Honeybees show lateral asymmetry in both learning about odors associated with reward and recalling memory of these associations. We have extended this research to show that bees exhibit lateral biases in their initial response to odors: viz., turning toward the source of an odor presented on their right side and turning away from it when presented on their left side. The odors we presented were the main component of the alarm pheromone, isoamyl acetate (IAA), and four floral scents. The significant bias to turn toward IAA odor on the right and away from it on the left is, we argue, a lateralization of the fight-flight response elicited by this pheromone. It contrasts to an absence of any asymmetry in the turning response to an odor of the flowers on which the bees had been feeding prior to testing: to this odor they turned toward when it was presented on either the left or right side. Lemon and orange odors were responded to differently on the left and right sides (toward on the right, away on the left), but no asymmetry was found in responses to rose odor. Our results show that side biases are present even in the initial, orienting response of bees to certain odors.

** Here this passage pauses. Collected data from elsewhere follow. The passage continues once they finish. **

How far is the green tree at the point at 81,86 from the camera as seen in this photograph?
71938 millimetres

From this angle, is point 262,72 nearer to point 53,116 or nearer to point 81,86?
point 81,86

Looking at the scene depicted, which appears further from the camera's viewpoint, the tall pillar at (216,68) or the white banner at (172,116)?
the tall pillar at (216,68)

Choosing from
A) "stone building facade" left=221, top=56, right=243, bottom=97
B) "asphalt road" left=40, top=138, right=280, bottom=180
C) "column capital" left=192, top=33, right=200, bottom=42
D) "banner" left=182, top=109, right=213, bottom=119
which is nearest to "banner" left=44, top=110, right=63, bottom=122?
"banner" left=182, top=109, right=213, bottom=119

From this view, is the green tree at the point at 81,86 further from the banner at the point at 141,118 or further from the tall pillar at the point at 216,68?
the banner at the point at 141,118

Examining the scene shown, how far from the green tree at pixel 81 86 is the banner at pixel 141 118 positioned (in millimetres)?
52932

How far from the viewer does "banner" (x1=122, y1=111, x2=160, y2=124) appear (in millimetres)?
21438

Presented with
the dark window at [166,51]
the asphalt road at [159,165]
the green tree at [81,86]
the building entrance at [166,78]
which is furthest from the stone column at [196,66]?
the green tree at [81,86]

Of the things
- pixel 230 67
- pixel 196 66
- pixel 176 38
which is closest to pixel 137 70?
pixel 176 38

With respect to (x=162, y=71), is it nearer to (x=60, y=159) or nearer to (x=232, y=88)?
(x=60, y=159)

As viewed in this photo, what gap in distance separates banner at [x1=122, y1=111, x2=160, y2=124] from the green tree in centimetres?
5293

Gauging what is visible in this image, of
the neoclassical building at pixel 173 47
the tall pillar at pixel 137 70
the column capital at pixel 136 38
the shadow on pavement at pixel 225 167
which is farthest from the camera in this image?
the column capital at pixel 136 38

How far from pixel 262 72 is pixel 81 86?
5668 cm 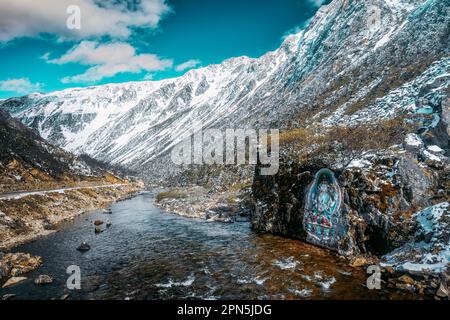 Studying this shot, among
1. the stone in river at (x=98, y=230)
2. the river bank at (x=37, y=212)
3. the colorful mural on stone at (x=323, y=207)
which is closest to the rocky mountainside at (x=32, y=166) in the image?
the river bank at (x=37, y=212)

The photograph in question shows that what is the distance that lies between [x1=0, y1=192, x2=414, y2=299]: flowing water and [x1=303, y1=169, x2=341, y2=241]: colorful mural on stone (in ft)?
7.35

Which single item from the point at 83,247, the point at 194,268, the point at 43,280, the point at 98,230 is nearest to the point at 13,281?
the point at 43,280

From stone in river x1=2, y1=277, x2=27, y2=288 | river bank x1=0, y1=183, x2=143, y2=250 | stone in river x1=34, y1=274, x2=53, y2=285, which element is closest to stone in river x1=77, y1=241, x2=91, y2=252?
river bank x1=0, y1=183, x2=143, y2=250

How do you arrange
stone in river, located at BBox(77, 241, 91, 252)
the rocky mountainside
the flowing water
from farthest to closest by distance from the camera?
1. the rocky mountainside
2. stone in river, located at BBox(77, 241, 91, 252)
3. the flowing water

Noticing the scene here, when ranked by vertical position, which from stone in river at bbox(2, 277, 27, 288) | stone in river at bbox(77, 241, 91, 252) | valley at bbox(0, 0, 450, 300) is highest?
valley at bbox(0, 0, 450, 300)

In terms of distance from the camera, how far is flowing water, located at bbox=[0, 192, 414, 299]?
2647cm

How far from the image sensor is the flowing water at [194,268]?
1042 inches

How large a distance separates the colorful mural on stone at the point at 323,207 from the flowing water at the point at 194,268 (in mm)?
2239

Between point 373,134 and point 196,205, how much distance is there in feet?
152

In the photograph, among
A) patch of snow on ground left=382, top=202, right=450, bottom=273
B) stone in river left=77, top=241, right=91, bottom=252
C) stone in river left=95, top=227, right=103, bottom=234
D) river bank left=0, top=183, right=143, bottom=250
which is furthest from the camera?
stone in river left=95, top=227, right=103, bottom=234

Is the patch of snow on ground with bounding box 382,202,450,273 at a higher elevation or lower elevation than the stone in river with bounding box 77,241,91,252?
higher

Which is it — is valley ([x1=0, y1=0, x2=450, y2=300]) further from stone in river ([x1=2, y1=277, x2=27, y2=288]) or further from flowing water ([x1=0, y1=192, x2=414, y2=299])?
stone in river ([x1=2, y1=277, x2=27, y2=288]) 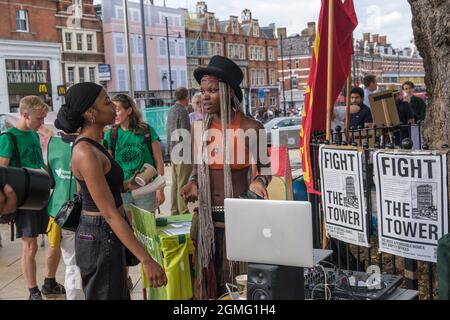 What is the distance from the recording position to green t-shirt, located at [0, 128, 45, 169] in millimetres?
4523

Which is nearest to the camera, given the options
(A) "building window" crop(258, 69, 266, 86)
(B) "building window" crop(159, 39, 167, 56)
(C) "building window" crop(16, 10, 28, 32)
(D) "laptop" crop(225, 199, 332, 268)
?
(D) "laptop" crop(225, 199, 332, 268)

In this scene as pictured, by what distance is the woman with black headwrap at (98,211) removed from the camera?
9.20ft

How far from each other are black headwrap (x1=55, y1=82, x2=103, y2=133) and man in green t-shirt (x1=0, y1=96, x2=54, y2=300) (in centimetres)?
176

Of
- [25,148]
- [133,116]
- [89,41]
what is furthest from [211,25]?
[25,148]

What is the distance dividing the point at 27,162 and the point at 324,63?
2870mm

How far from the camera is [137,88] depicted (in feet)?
174

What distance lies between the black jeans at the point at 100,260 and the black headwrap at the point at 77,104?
56cm

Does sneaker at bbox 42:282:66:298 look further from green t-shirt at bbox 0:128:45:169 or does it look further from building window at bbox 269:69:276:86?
building window at bbox 269:69:276:86

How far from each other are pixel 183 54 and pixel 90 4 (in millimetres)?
13021

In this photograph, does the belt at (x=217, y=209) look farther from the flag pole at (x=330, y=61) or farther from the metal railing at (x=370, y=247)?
the flag pole at (x=330, y=61)

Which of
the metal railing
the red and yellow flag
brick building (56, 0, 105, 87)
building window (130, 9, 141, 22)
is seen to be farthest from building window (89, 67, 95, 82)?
the red and yellow flag

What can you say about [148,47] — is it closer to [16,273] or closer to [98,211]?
[16,273]

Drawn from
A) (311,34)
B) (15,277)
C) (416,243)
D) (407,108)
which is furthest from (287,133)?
(311,34)

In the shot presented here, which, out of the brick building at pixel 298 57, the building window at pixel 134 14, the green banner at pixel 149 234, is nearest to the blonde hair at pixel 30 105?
the green banner at pixel 149 234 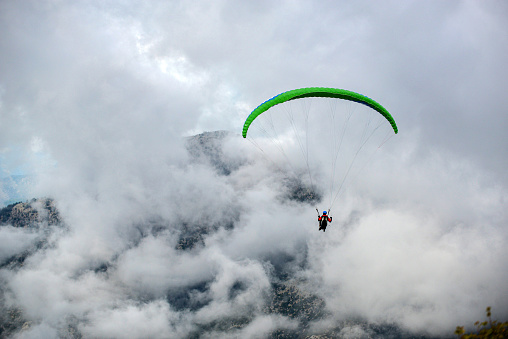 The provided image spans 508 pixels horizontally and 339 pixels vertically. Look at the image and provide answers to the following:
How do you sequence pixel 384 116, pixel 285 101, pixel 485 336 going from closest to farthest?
pixel 485 336
pixel 285 101
pixel 384 116

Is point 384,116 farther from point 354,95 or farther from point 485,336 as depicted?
point 485,336

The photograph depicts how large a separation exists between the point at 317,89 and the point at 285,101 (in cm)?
476

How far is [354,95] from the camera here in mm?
38031

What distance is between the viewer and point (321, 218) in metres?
38.2

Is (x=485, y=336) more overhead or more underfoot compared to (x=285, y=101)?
more underfoot

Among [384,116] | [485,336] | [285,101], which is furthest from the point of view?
[384,116]

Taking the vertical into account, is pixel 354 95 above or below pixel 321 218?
above

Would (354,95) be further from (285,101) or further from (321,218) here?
(321,218)

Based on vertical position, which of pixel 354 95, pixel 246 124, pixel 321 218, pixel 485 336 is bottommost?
pixel 485 336

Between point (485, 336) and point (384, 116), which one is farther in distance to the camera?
point (384, 116)

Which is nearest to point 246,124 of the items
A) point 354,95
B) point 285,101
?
point 285,101

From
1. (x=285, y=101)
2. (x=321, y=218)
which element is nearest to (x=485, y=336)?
(x=321, y=218)

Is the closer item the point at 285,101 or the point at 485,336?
the point at 485,336

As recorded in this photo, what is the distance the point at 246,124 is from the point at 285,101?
615 centimetres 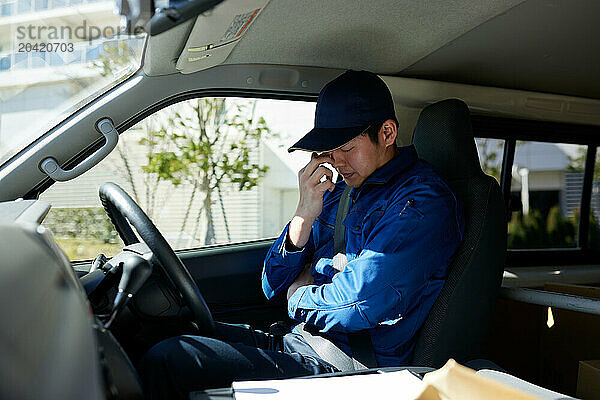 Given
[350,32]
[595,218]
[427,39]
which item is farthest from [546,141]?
[350,32]

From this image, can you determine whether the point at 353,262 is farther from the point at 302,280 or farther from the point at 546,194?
the point at 546,194

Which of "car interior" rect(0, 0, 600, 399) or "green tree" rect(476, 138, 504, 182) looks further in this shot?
"green tree" rect(476, 138, 504, 182)

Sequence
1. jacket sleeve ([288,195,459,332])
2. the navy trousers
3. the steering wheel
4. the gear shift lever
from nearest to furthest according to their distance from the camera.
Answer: the gear shift lever
the navy trousers
the steering wheel
jacket sleeve ([288,195,459,332])

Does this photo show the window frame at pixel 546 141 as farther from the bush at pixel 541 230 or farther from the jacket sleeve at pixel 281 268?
the jacket sleeve at pixel 281 268

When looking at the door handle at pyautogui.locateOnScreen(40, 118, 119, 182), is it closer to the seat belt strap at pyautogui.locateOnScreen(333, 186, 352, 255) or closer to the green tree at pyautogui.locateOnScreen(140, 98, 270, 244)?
the seat belt strap at pyautogui.locateOnScreen(333, 186, 352, 255)

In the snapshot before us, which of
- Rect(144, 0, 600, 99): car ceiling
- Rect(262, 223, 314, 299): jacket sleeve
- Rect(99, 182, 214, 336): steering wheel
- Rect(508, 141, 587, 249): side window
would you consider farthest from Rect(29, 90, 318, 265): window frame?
Rect(508, 141, 587, 249): side window

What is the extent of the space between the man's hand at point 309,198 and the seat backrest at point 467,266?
0.40m

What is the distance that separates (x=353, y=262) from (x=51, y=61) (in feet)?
5.72

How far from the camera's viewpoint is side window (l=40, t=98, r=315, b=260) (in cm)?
266

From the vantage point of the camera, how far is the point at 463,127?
2176 mm

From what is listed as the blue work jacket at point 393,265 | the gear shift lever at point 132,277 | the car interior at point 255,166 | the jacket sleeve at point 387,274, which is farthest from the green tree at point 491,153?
the gear shift lever at point 132,277

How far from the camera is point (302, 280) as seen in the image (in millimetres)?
2258

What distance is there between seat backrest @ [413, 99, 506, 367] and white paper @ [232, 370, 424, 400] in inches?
18.5

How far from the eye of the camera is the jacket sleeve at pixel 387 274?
5.90 feet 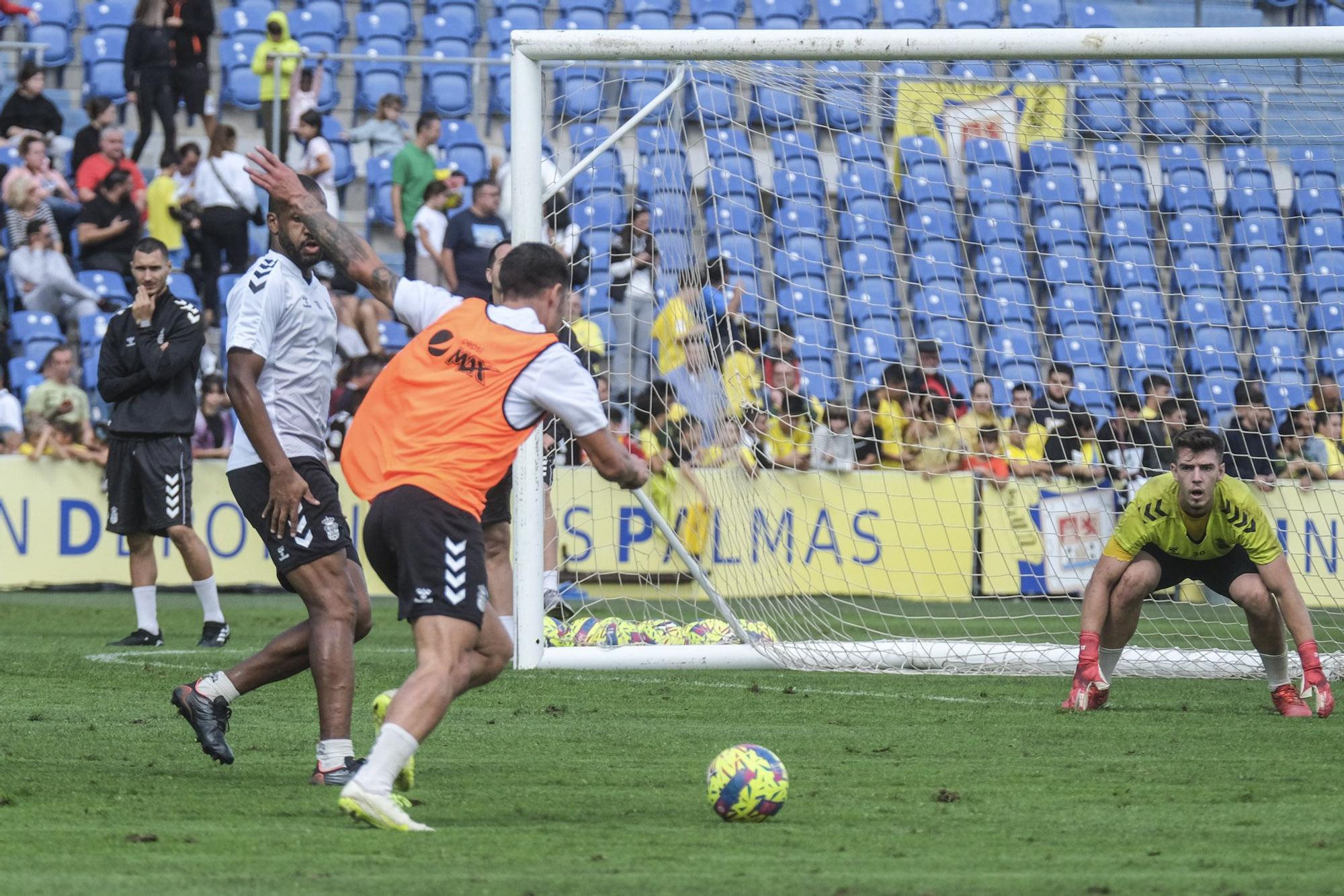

Innate turning preference of leaf-cutting ants in the absence of external orientation cues

Many ants use a combination of cues for orientation but how do ants find their way when all external cues are suppressed? Do they walk in a random way or are their movements spatially oriented? Here we show for the first time that leaf-cutting ants (Acromyrmex lundii) have an innate preference of turning counter-clockwise (left) when external cues are precluded. We demonstrated this by allowing individual ants to run freely on the water surface of a newly-developed treadmill. The surface tension supported medium-sized workers but effectively prevented ants from reaching the wall of the vessel, important to avoid wall-following behaviour (thigmotaxis). Most ants ran for minutes on the spot but also slowly turned counter-clockwise in the absence of visual cues. Reconstructing the effectively walked path revealed a looping pattern which could be interpreted as a search strategy. A similar turning bias was shown for groups of ants in a symmetrical Y-maze where twice as many ants chose the left branch in the absence of optical cues. Wall-following behaviour was tested by inserting a coiled tube before the Y-fork. When ants traversed a left-coiled tube, more ants chose the left box and vice versa. Adding visual cues in form of vertical black strips either outside the treadmill or on one branch of the Y-maze led to oriented walks towards the strips. It is suggested that both, the turning bias and the wall-following are employed as search strategies for an unknown environment which can be overridden by visual cues.